---------- RECORDS FOR THE TASK
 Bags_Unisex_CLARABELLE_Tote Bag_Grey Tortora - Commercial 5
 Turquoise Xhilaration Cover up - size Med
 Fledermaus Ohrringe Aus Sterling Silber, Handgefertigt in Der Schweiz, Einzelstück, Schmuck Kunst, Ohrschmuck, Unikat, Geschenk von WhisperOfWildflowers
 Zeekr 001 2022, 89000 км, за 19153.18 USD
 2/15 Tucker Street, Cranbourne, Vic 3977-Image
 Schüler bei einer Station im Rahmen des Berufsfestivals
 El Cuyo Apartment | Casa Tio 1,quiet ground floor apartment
--------------------
Repeat the records, every one of them, without any deviation.

* ANSWER
 Bags_Unisex_CLARABELLE_Tote Bag_Grey Tortora - Commercial 5
 Turquoise Xhilaration Cover up - size Med
 Fledermaus Ohrringe Aus Sterling Silber, Handgefertigt in Der Schweiz, Einzelstück, Schmuck Kunst, Ohrschmuck, Unikat, Geschenk von WhisperOfWildflowers
 Zeekr 001 2022, 89000 км, за 19153.18 USD
 2/15 Tucker Street, Cranbourne, Vic 3977-Image
 Schüler bei einer Station im Rahmen des Berufsfestivals
 El Cuyo Apartment | Casa Tio 1,quiet ground floor apartment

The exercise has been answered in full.